C’est un aspect que vous développez dans votre dernier ouvrage paru en 2010, L’argent et les mots, dans lequel vous explorez des manières de compenser les dérives d’un système qui serait « tout libéral », en proposant notamment, soit des prises de décisions de la part du gouvernement, soit l’utilisation de fondations ou de fonds qui seraient dédiés à faire fonctionner une structure et, d’une certaine manière, à l’extraire des contraintes économiques qui pèsent sur l’ensemble de la chaîne.

André Schiffrin : Oui, c’est un élément qui est à la base de L’argent et les mots : c’est de dire que toutes ces questions (de la librairie, de la lecture, de la culture générale, etc.) sont liées et sont au fond des questions vraiment politiques.
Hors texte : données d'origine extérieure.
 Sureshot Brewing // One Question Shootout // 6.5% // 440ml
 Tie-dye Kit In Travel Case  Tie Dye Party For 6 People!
Une fois qu’un pays a décidé qu’il veut avoir une politique culturelle qui est une politique de soutien, il y a des choses à faire qui sont très possibles, qui ont été faites dans d’autres pays sans tomber sur les questions de censure possible ou d’influence politique. Ce sont vraiment des méthodes, simplement de dire : on veut, mettons, garder les libraires en centre-ville, on veut garder la petite édition, on veut garder la possibilité d’avoir des bibliothèques qui puissent acheter des livres, etc. Tout cela peut être fait dans le cadre d’une politique générale. On voit ça en France où, grâce à la loi Lang, il y a encore des milliers de très bons libraires.
Aux États-Unis, nous n’avons pas une loi Lang, en Angleterre nous n’avons pas l’équivalent non plus, et la différence a été foudroyante. Quand j’étais tout jeune je travaillais dans une librairie à New York, et à l’époque nous avions 333 librairies dans la ville. Maintenant, il y en a à peine 30, y compris les chaînes. Il y a deux raisons principales pour cela : tout d’abord, c’est la concurrence qui a été faite, déloyalement, par les chaînes, qui ont vendu des livres à des prix beaucoup moins cher, afin d’éliminer la concurrence ; et le fait qu’il n’y avait aucune loi qui empêchait de vendre des livres au prix que l’on voulait. En Angleterre, les grandes surfaces ont vendu le dernier Harry Potter (qui avait un prix suggéré de £20) au prix de £1… on le vendait à perte, mais c’était pour attirer les clients en grande surface. Naturellement, pour les libraires, c’était un désastre total. Mais donc, là, c’est une décision politique, d’avoir une loi Lang ou non. Il y a beaucoup d’autres exemples que je donne dans le livre, où l’on peut parler d’une manière très concrète de ce que l’on peut faire, et ce que l’on a fait d’autre part.
Très souvent, en France, on a l’idée que ce qui a lieu en France, c’est la norme, n’est-ce pas : si nous le faisons ici, c’est normal. Mais très souvent, ce n’est pas le cas du tout, il y a des exceptions importantes en ce que la France peut faire, mais aussi des exceptions très importantes dans d’autres pays d’Europe, et des exemples que l’on pourrait suivre.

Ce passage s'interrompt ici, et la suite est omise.